*** DATA
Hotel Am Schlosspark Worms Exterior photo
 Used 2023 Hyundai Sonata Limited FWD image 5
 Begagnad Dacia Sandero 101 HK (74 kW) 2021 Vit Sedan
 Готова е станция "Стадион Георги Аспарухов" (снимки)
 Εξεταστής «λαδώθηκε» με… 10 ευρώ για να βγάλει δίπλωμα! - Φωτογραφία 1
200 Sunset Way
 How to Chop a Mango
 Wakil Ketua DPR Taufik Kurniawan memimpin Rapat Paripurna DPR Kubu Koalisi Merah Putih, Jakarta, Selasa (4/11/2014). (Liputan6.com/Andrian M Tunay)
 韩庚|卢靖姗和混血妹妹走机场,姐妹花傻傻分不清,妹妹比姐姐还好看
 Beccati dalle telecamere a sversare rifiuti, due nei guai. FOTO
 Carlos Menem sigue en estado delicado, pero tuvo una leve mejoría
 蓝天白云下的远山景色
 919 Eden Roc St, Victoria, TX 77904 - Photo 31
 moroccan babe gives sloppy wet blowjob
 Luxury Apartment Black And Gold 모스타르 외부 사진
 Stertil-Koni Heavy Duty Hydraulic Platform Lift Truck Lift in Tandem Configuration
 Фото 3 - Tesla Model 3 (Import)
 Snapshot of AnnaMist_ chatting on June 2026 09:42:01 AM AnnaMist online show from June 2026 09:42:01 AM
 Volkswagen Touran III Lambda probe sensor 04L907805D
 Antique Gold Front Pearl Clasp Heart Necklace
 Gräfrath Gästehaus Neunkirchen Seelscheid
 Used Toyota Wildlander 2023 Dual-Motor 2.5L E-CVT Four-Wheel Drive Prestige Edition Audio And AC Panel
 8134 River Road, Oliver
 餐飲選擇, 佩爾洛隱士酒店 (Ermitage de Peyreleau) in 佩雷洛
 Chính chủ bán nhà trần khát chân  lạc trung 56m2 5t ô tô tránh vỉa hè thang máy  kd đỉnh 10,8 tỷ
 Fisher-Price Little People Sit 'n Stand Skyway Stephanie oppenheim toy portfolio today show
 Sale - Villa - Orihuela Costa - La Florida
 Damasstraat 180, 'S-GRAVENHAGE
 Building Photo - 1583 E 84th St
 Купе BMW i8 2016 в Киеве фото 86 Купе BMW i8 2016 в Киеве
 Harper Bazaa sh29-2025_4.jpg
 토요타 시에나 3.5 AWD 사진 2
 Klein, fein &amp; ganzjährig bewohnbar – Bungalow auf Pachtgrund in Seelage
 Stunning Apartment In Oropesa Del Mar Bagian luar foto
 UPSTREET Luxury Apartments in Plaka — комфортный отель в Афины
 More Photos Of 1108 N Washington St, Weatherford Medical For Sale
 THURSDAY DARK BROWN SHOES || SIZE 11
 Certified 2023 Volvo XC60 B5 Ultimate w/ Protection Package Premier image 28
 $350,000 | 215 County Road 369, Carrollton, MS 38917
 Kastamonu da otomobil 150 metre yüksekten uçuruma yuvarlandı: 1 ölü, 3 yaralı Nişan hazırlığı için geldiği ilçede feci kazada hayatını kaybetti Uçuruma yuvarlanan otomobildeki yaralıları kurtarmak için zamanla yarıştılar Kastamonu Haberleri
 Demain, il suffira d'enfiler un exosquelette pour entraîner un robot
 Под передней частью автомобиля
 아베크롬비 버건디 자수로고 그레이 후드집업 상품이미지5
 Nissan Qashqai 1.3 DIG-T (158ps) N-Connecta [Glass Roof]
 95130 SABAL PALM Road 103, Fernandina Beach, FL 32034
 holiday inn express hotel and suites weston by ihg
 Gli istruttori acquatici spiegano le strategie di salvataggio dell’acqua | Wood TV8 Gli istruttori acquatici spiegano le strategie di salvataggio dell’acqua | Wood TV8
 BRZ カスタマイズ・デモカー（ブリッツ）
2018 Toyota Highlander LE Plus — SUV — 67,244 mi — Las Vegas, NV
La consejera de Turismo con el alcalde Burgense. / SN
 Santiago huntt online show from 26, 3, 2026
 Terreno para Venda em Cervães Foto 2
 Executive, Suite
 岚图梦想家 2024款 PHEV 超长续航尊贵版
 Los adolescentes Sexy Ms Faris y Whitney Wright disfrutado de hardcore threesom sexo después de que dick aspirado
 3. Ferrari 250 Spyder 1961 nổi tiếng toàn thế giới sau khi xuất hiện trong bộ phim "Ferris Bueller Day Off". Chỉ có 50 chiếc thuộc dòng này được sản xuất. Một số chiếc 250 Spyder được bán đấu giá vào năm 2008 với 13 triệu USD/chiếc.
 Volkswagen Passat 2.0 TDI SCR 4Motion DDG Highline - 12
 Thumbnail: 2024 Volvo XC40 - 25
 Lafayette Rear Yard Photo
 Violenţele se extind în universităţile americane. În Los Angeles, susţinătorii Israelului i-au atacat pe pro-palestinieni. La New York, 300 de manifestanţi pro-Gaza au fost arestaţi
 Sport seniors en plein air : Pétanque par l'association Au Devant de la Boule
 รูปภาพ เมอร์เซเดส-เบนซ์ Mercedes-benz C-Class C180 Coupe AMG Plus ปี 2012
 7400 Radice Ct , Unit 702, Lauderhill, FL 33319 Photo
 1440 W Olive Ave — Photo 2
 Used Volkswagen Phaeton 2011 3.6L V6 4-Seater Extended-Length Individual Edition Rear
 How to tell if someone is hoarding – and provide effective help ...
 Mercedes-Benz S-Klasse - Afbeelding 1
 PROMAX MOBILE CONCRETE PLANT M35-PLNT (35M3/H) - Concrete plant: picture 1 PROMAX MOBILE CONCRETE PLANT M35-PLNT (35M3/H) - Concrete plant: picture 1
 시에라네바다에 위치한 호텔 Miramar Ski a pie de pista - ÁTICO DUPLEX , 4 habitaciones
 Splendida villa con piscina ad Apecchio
******
* TASK DIRECTIONS
Quote the records from their first line to the line with "Фото 3 - Tesla Model 3 (Import)", inclusive, without adding or dropping anything.

* ANSWER TO THIS EXERCISE
Hotel Am Schlosspark Worms Exterior photo
 Used 2023 Hyundai Sonata Limited FWD image 5
 Begagnad Dacia Sandero 101 HK (74 kW) 2021 Vit Sedan
 Готова е станция "Стадион Георги Аспарухов" (снимки)
 Εξεταστής «λαδώθηκε» με… 10 ευρώ για να βγάλει δίπλωμα! - Φωτογραφία 1
200 Sunset Way
 How to Chop a Mango
 Wakil Ketua DPR Taufik Kurniawan memimpin Rapat Paripurna DPR Kubu Koalisi Merah Putih, Jakarta, Selasa (4/11/2014). (Liputan6.com/Andrian M Tunay)
 韩庚|卢靖姗和混血妹妹走机场,姐妹花傻傻分不清,妹妹比姐姐还好看
 Beccati dalle telecamere a sversare rifiuti, due nei guai. FOTO
 Carlos Menem sigue en estado delicado, pero tuvo una leve mejoría
 蓝天白云下的远山景色
 919 Eden Roc St, Victoria, TX 77904 - Photo 31
 moroccan babe gives sloppy wet blowjob
 Luxury Apartment Black And Gold 모스타르 외부 사진
 Stertil-Koni Heavy Duty Hydraulic Platform Lift Truck Lift in Tandem Configuration
 Фото 3 - Tesla Model 3 (Import)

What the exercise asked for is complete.